Frauen treten offenbar stärker als Männer für eine Umverteilung von Steuern ein. Studien zufolge liegt das allerdings nicht an einem stärker ausgeprägten Sozialverhalten.
Kiel - Frauen verdienen bekanntlich im Durchschnitt weniger als Männer. Da passt es ins Bild, dass sie laut wissenschaftlichen Studien stärker für eine Umverteilung durch Steuern und Sozialleistungen eintreten als das starke Geschlecht. Laut einer neue Studie zeigt sich die Präferenz der Frauen für Umverteilung aber sogar in Experimenten, in denen die finanzielle Ausgangslage für beide Geschlechter gleich ist. Verfügen Frauen also einfach über mehr Gerechtigkeitssinn?
Nein, meint Studienautor Gianluca Grimalda vom Kieler Institut für Weltwirtschaft (IfW). Er hat in einem Experiment an acht Universitäten, darunter zwei in Deutschland, gemischtgeschlechtliche Gruppen mit einer fiktiven Einkommensverteilung konfrontiert. Mithilfe der Lösung verschiedener Aufgaben erhielten die Teilnehmer die Chance, ihren individuellen Verdienst zu verbessern.

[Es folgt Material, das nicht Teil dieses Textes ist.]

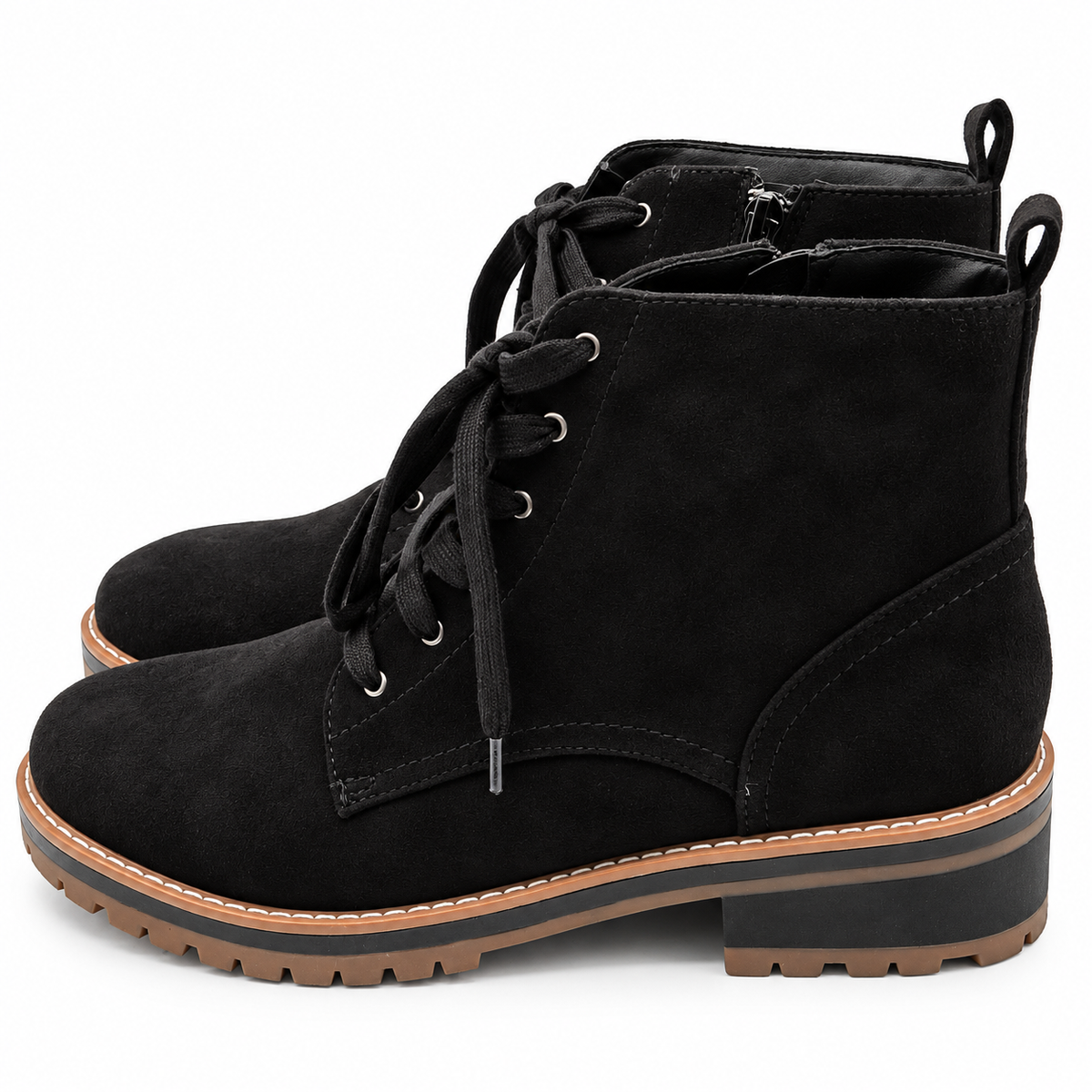 Kensie Kashia Kasha Combat Boots Women 9 Black Faux Suede Lace Up Side Zip Lug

Schutz für den Fall eines Misserfolgs
Die beteiligten Frauen hätten ihre Kompetenzen niedriger eingeschätzt als die Männer, schreibt Grimalda. Sie träten offenbar für mehr Einkommensverteilung ein, um sich für den Fall eines Misserfolgs gegen niedrige Verdienste zu schützen.
Männer hätten das eigentlich genauso nötig – sie schnitten bei den zu bewältigenden Aufgaben nämlich nicht besser ab. Nur neigten sie eben stärker als die Frauen zu Selbstüberschätzung. „Das männliche Ego braucht keine Umverteilung“, hat das IfW Kiel seine Pressemitteilung über die Studie betitelt.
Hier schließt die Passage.